▶ [Work required]:
Below are records; print only the lines from the line containing "Financial accounting vector" to the end, both included, reproduced exactly and without the pictures.

++++ Material provided ++++

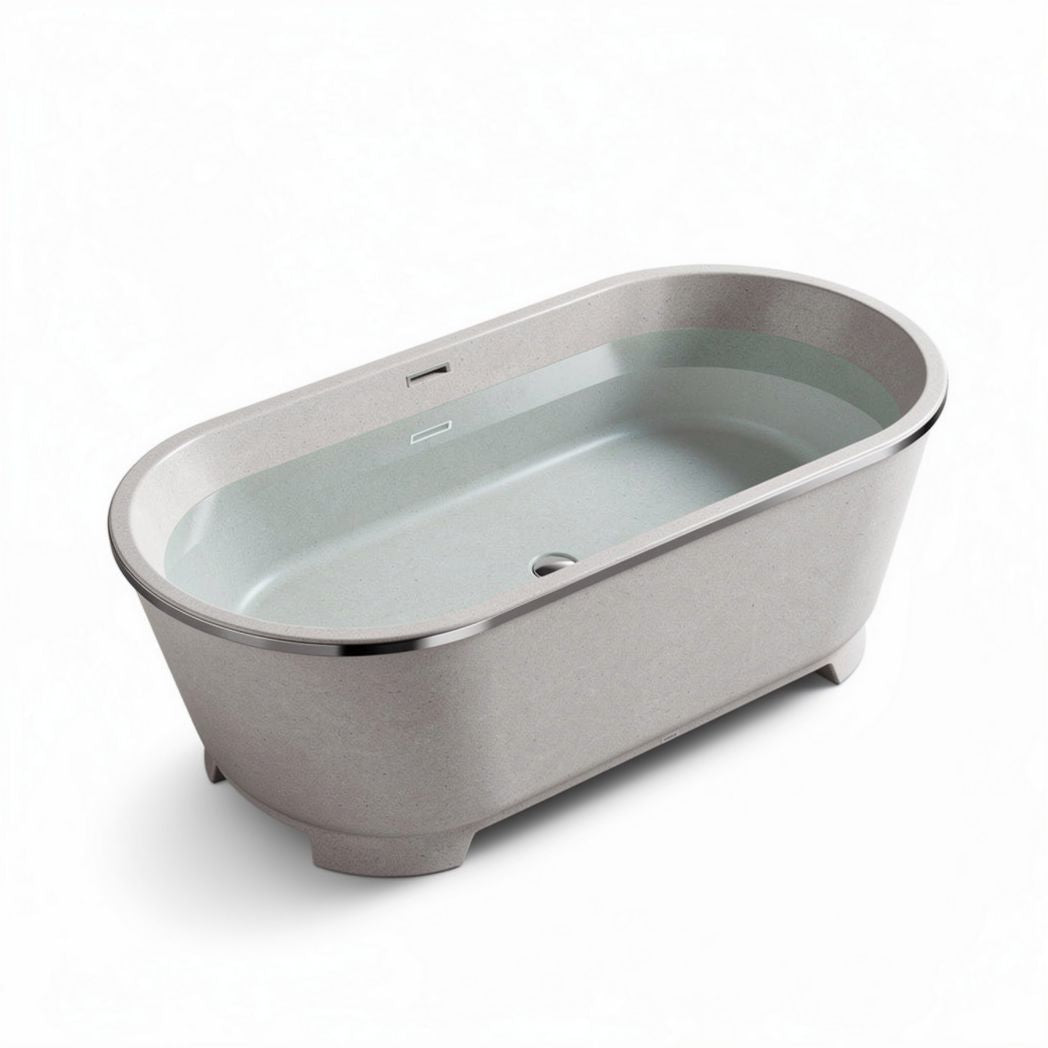 Freestanding oval bathtub with sloped back design in gray 150 x 75 x 55cm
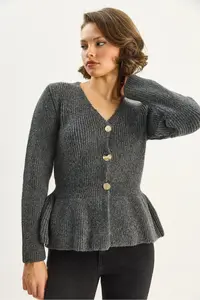 Bianco Lucci Women's 3-Button, Waist-Fit, Pleated Cardigan - Image 4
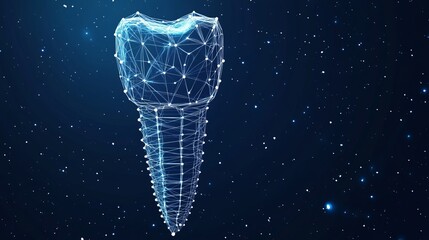 Stylized icon of a dental implant formed from a low-poly starry wireframe, set against a space-themed backdrop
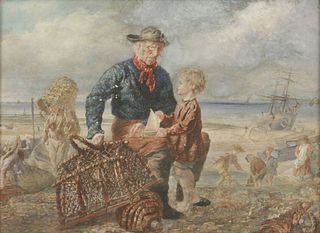 Frederick Barnard (1846-1896) A FISHERMAN ON THE SHORE,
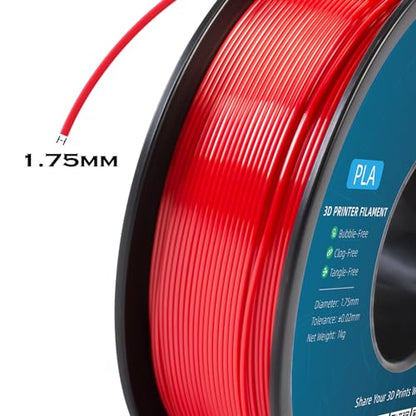 Geeetech Red PLA Filament 1.75mm 1KG, 3D Printer Filament Dimensional Accuracy +/- 0.02mm, 1kg per Spool(2.2lbs) 3D Printing Filament Fits for Most FDM 3D Printers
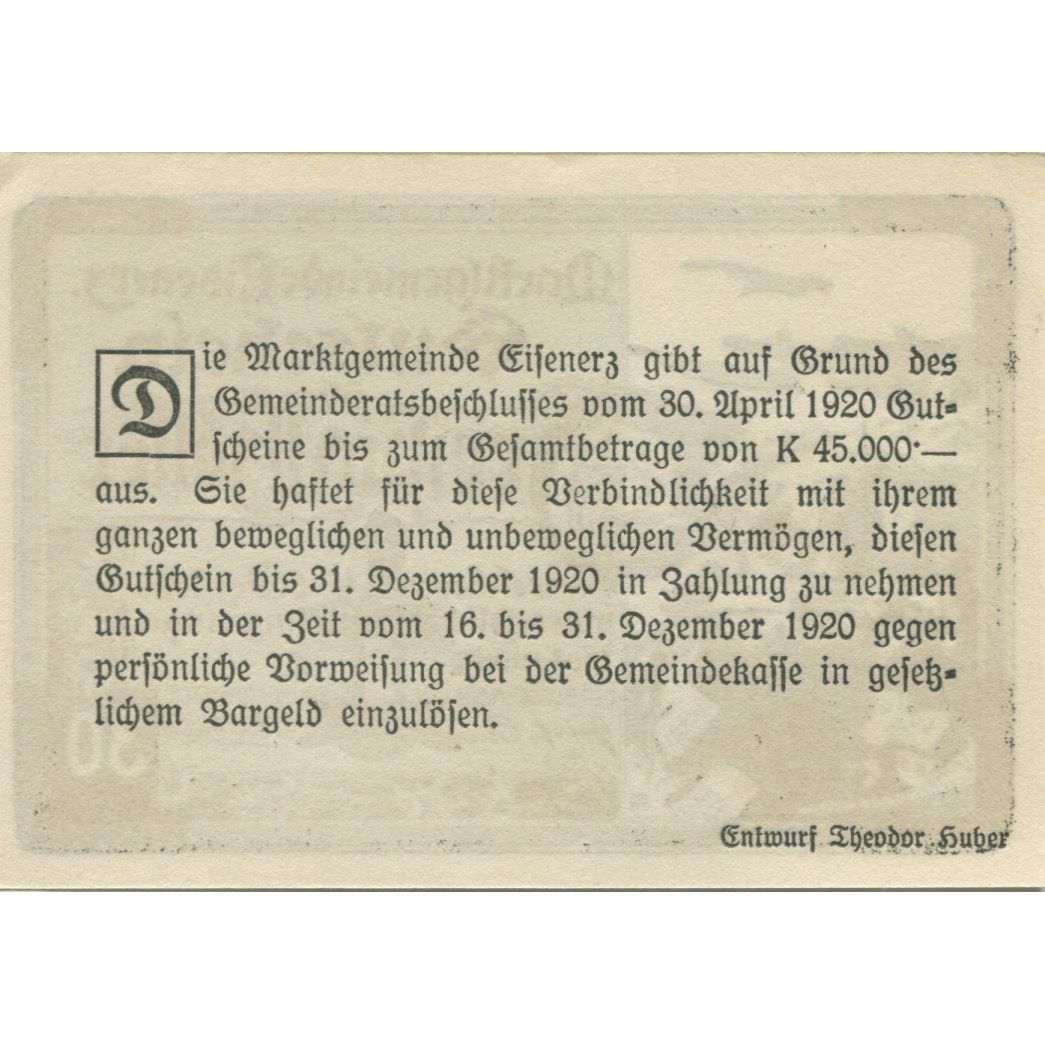 Banknote, Austria, Eisenerz, 30 Heller, Eglise, 1920, UNC(63) Mehl:FS 169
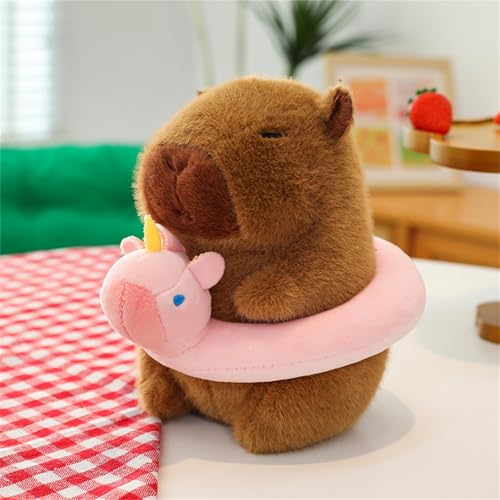 AQCQDQ 20 cm Capybara Plüschtier, Kuscheltier Capybara mit Accessoires, Capybara Plüsch Spielzeug, Plush Toy, Geschenk für Kinder Jungen Mädchen (Einhorn) von AQCQDQ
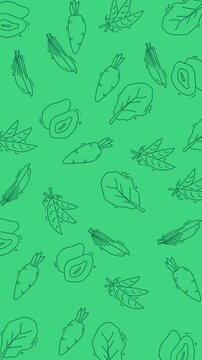 Vertical background of animated vegetable doodle featuring hand drawn organic carrots, avocados, and peas in seamless looping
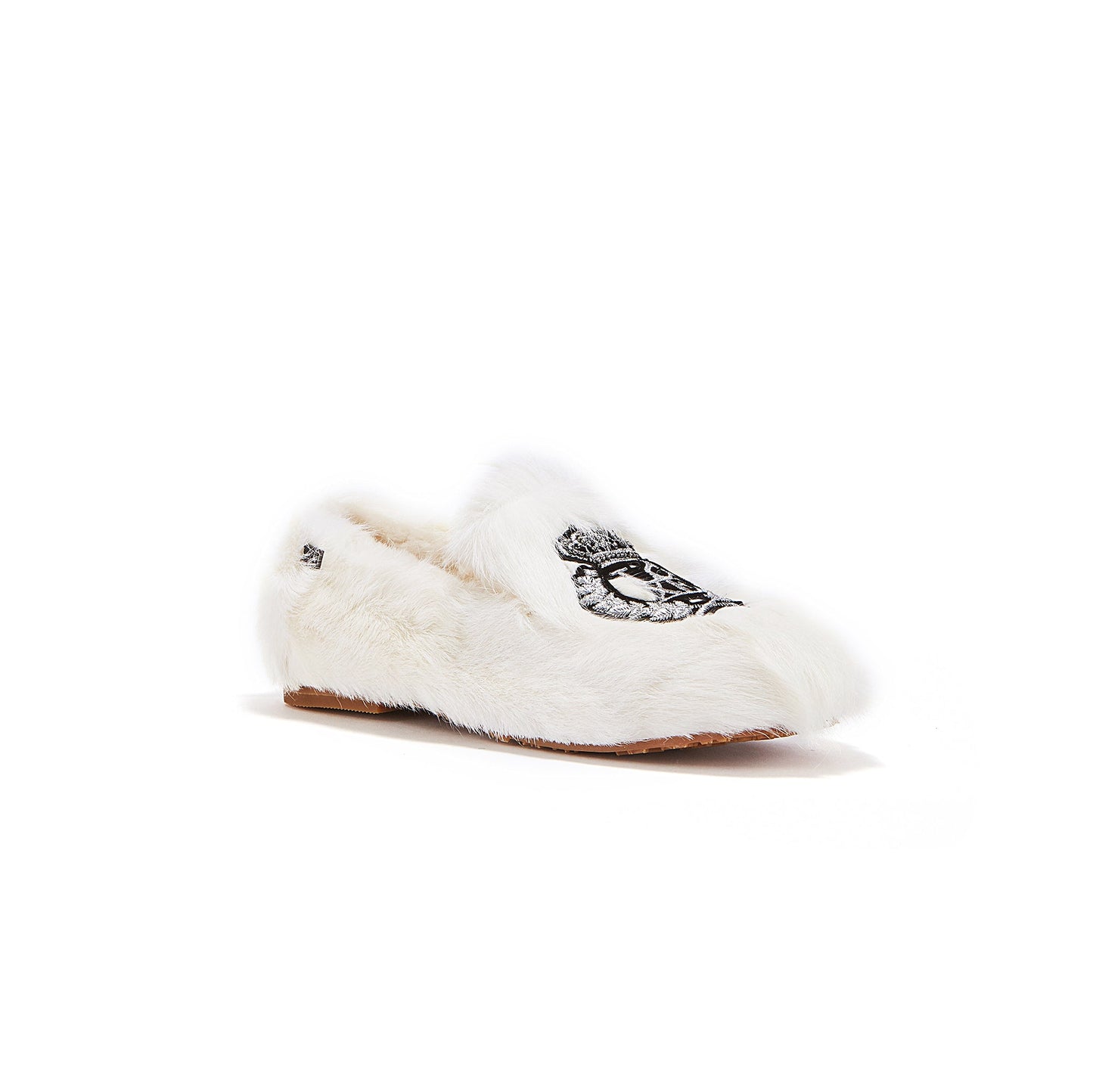 Harry Slipper Pale Moccasin Style Slipper with Goat Fur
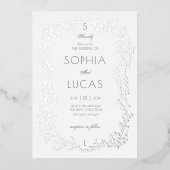 Élégant Mariage Feuille Foil Invitation (Recto)
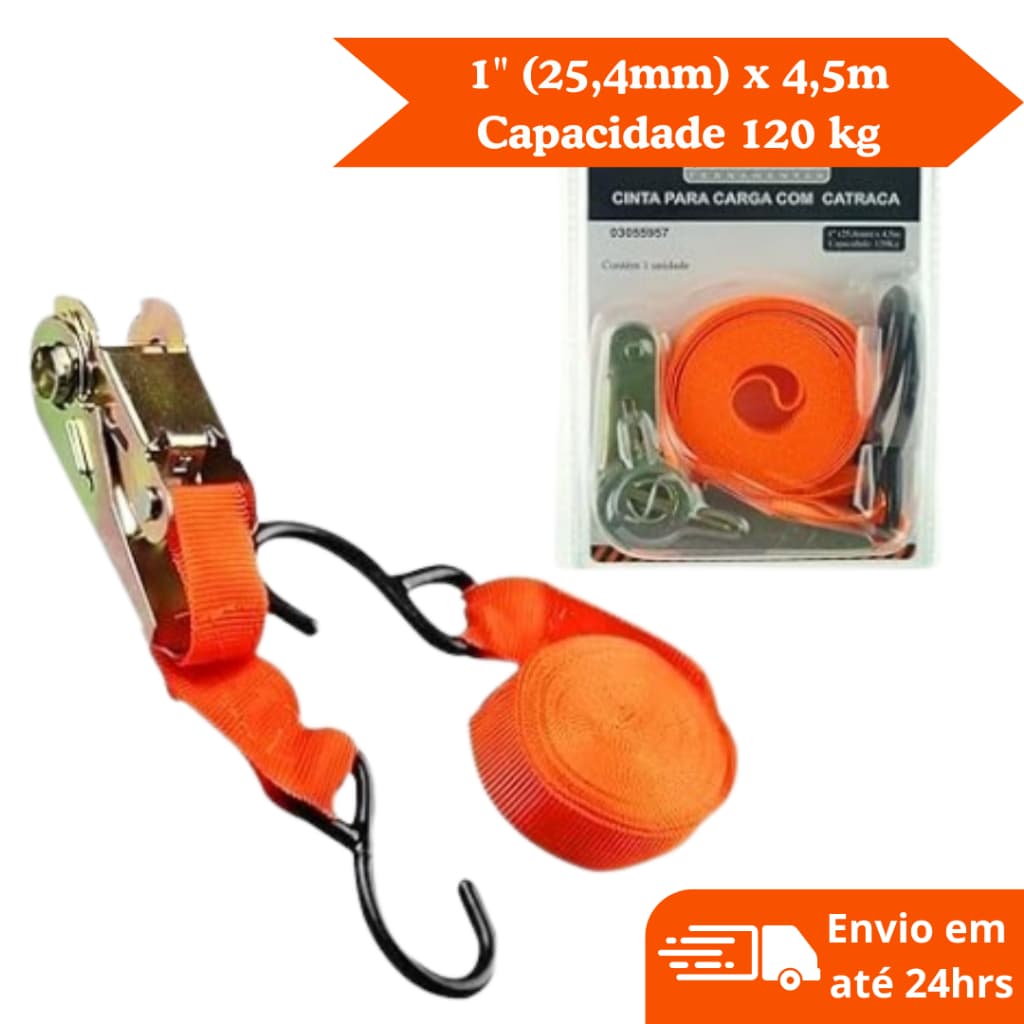 Cinta Para Carga Com Catraca Para Caminhonete, Carro, Embarcação, Carrinho Manual, Suporta até 120 Kg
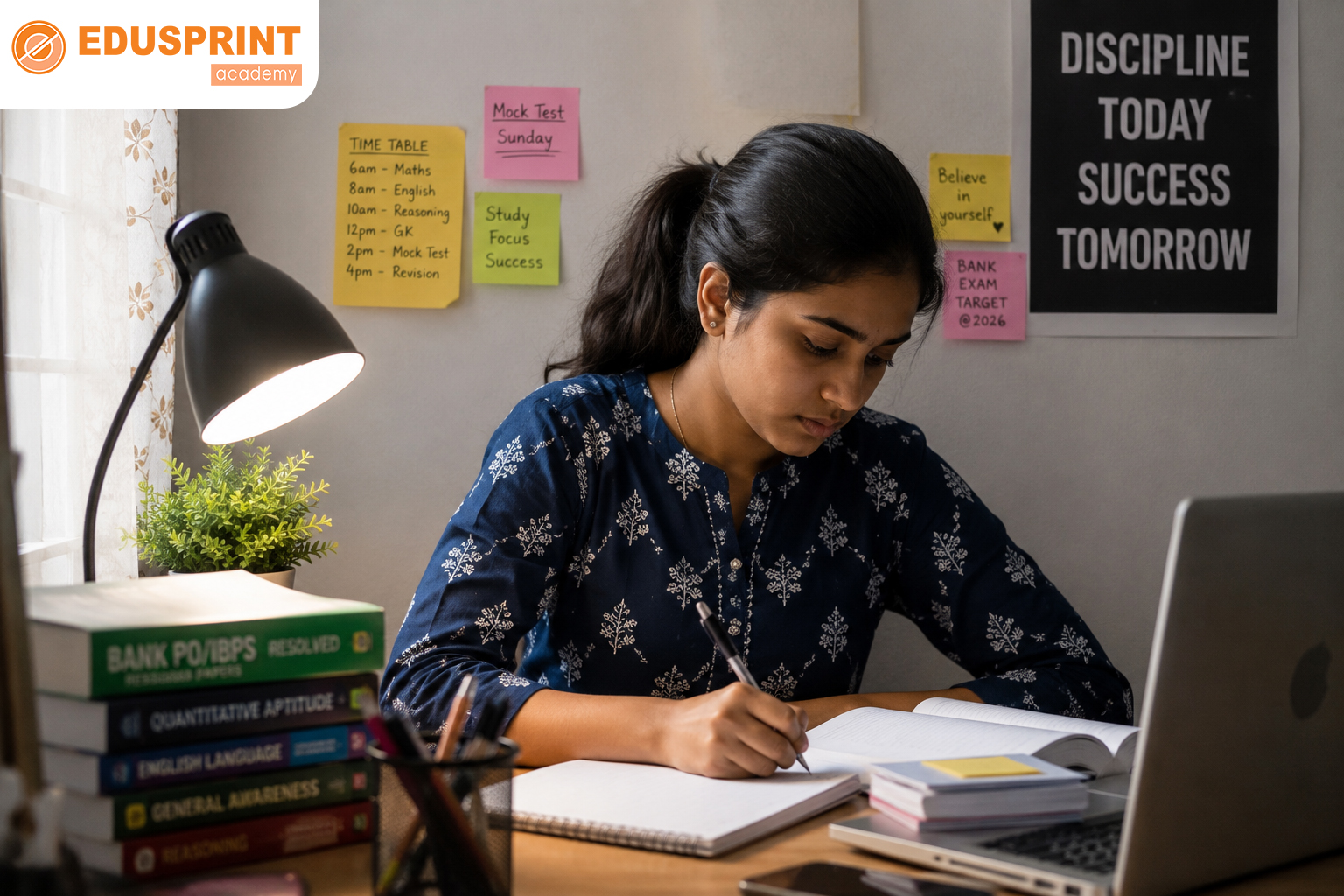 Tamil college student preparing for banking exams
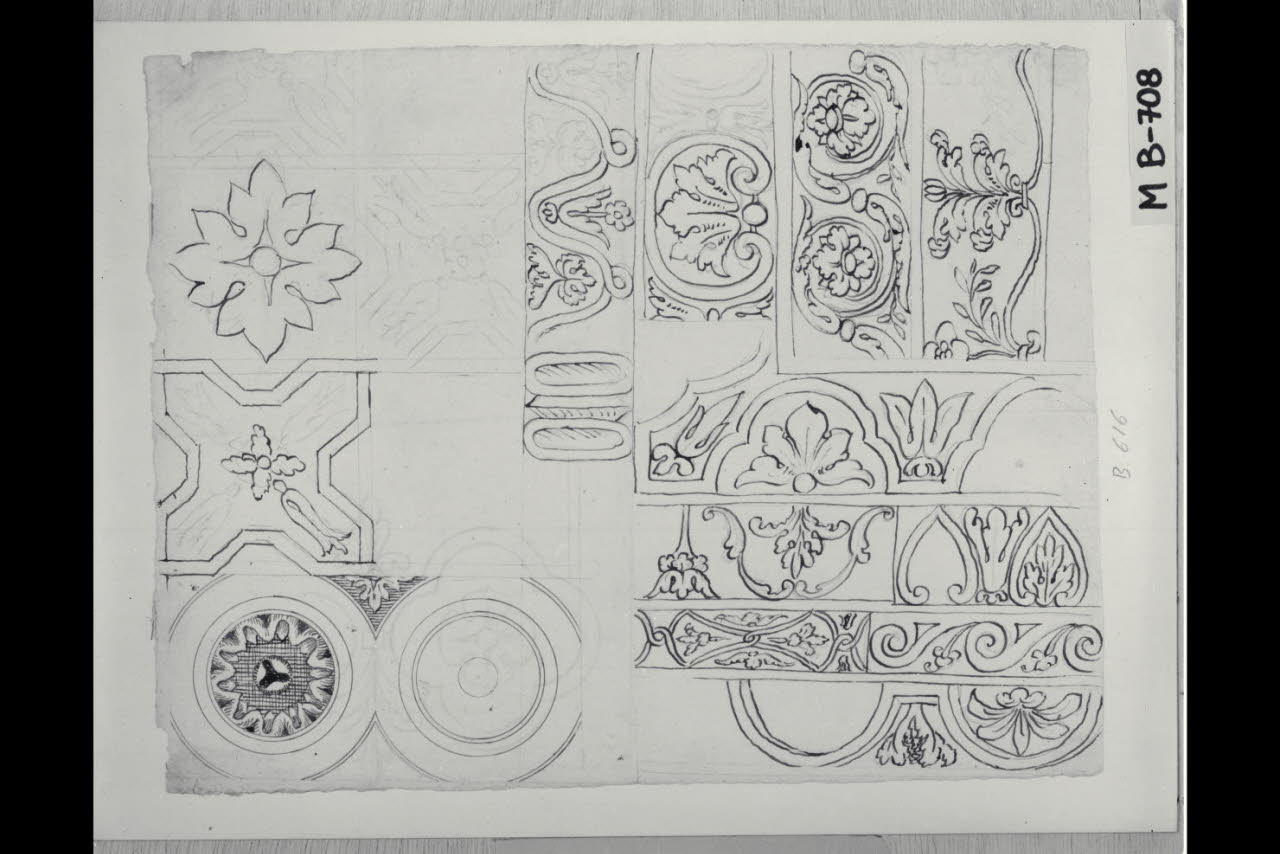 Studi di motivi ornamentali (disegno) di Maggiolini (bottega) (secc. XVIII/ XIX)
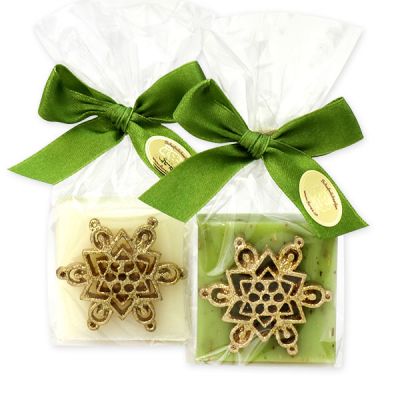 Sheep milk soap 35g decorated with a snowflake in a cellophane, Classic/verbena 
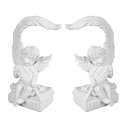 2 個 NUZAMAS 天使像白い翼天使像ペアの天使樹脂彫像天使フィギュア彫刻アート装飾リビングルームデスクトップホームガーデン結婚式の装飾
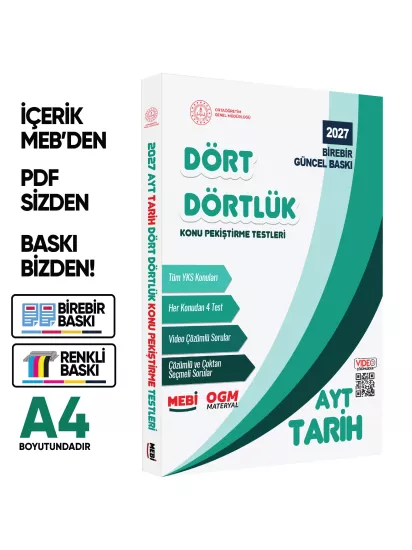 2027 YKS-AYT MEBİ-OGM Dört Dörtlük Tarih Pekiştirme Testi A4 Renkli Soru Bankası BASKI ÜCRETİ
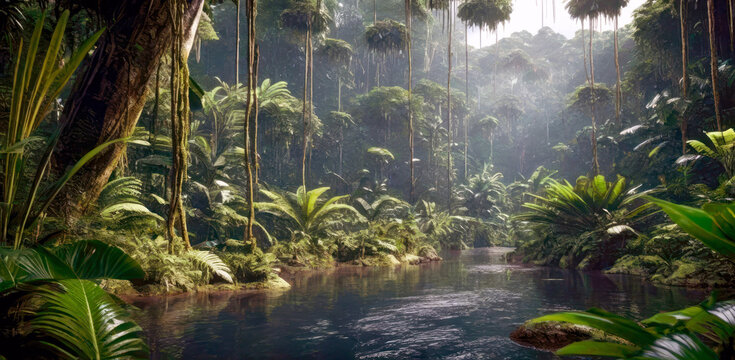 Amazon river landscape flowing through a tropical rainforest. Generative ai © designermetin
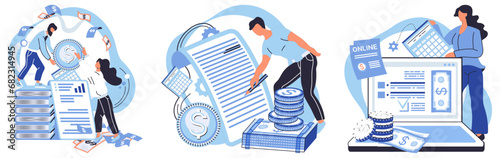 Financial accounting vector illustration. Profits are fuel drives business growth and sustainability Banking institutions offer diverse range financial services Invoices serve as accurate Invoices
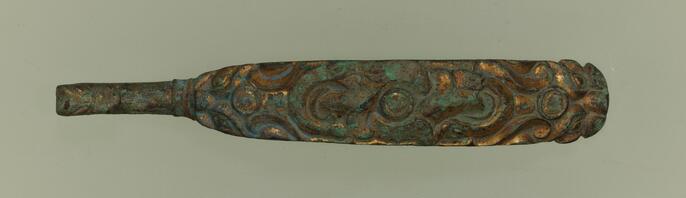 中国　古銅青銅　象嵌　帯鉤　筆架　M　R8093 中国 古銅青銅 象嵌 帯鉤 筆架 M R8093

++++

▶ [Solution for this problem]:
 Financial accounting vector illustration. Profits are fuel drives business growth and sustainability Banking institutions offer diverse range financial services Invoices serve as accurate Invoices
 中国　古銅青銅　象嵌　帯鉤　筆架　M　R8093 中国 古銅青銅 象嵌 帯鉤 筆架 M R8093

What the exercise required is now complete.